RIOTSOUND.COM: As far as showcasing the actual artform of DJing and its various components, how do you go about that on King Of The Decks? What is the format? Is it blended? Are there cuts and scratches? Are there specific songs that showcase DJing skills? You got DJ Q.Bert and DJ Spinbad on the album – so how’s that whole side of things represented?

DJ REVOLUTION: Well, basically, exactly how you said. There’s a few songs on there [dedicated to DJing skills] – and it all has to be represented through concepts and themes. Picture it like this; if you have a kid who is sick and you gotta give him some medicine and the kid knows that the medicine might taste like shit because it looks like it came out of a medicine bottle and it’s something that they’ve never tasted before but you got to make them fucking eat it, what do you do? You fucking chop it up and you put it in some ice cream and you don’t tell them that you’re feeding them the medicine. That’s the only way they’re going to get it. So that’s what I have to do, I have to make it look like it’s something that it isn’t. I gotta put in a concept, I gotta put it behind a real straight Hip-Hop beat and I gotta make it entertaining for the average Hip-Hop fan.
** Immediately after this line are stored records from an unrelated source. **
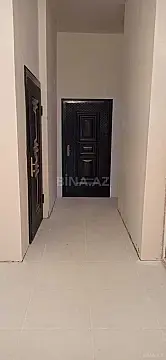 Satılır 2 otaqlı mənzil 70 m²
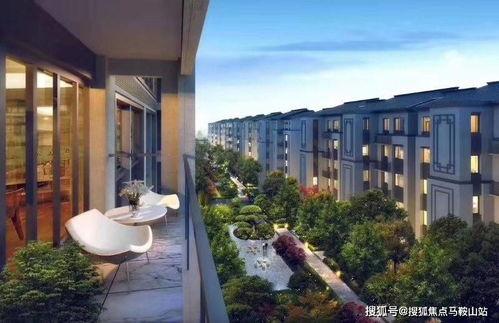 郑州光星苑最新爆料新闻,揭秘小区神秘事件真相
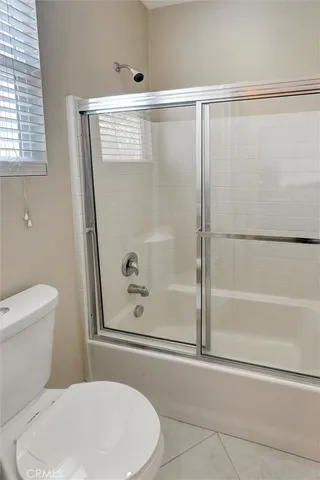 $1,225,000 | 42587 Sherry Lane, Murrieta, CA 92562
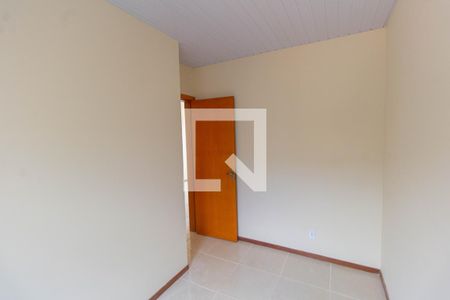 Quarto 2 de casa à venda com 2 quartos, 80m² em Campestre, São Leopoldo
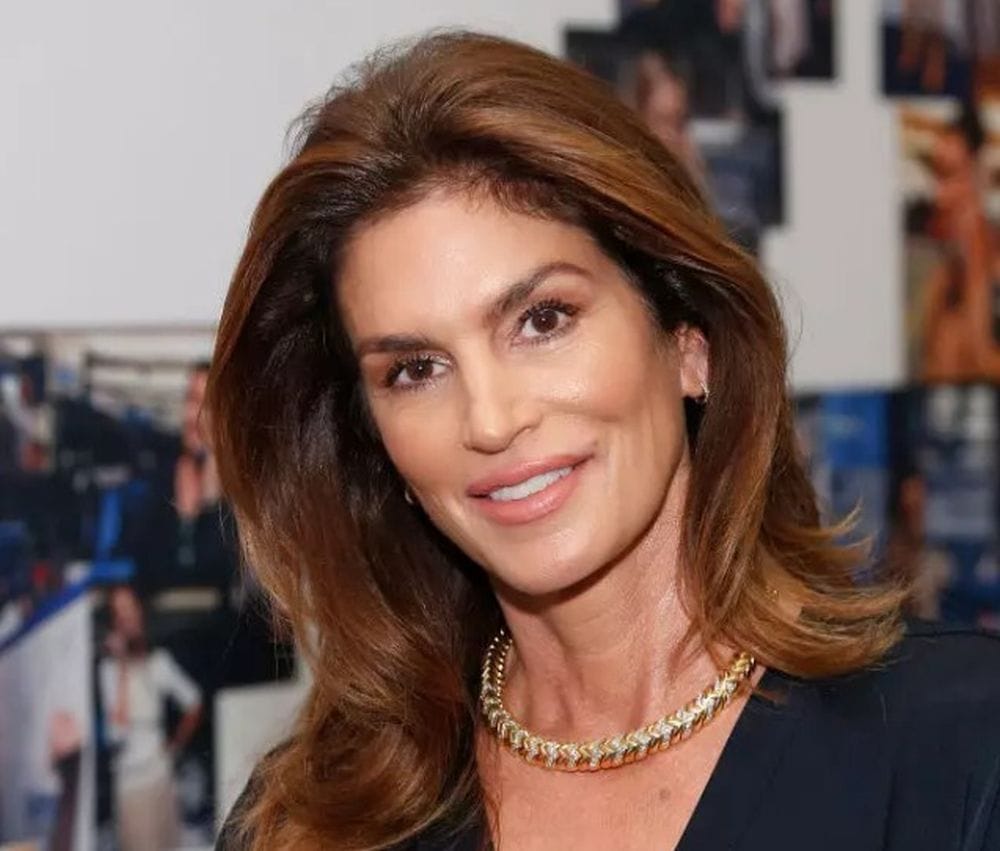 Frizure koje podmlađuju beauty trik sindi kraford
The DJs and the people who are into DJ culture, they’re going to get it immediately, there will be no question about it; they’re going to love it. But that’s not my goal here because I made a Hip-Hop album so to represent [the DJ] side of the culture I have put it in themes. [DJ] Q.Bert is a fucking scratch alien, there’s no two ways to look at it; he’s an alien. So I made a song [with him] called “Invaders from the Planet Sqratch” and made the whole theme about that; and it’s really just about straight incredible scratch styles. Drum scratching, really intricate scratch patterns – the construction of it is just a really simple beat with scratching but I made it into a theme, so that’s where I’m able to showcase the scratching as part of a really intelligent concept.

The shit with Spinbad is about the battle aspect of DJing and the wordplay that we are known for, like putting together scratch sentences from different artists’ phrases; making a sentence out of other people’s words, that’s what DJ wordplay is. So I wanted to showcase that aspect by getting the only other person in the world that can hang with me on that level and have us go at each other’s jugulars for five minutes. But again, I had to set it up. I got Sway and Tech doing like the pre-fight interviews and a whole press conference shit, I really had to make it entertaining. Otherwise, to the average cat, they’re going to hear all that scratching and get turned off. You can’t just beat them over the head and I think that’s why in the past a lot of DJ albums have failed, because they give it to them in the raw. They give it to them and expect people to understand and be ready for it. The climate isn’t like that anymore, it’s not the mid ‘90’s, it’s not the late ‘80’s. The DJ isn’t part of that and therefore the public isn’t ready to hear all that scratching right off the top.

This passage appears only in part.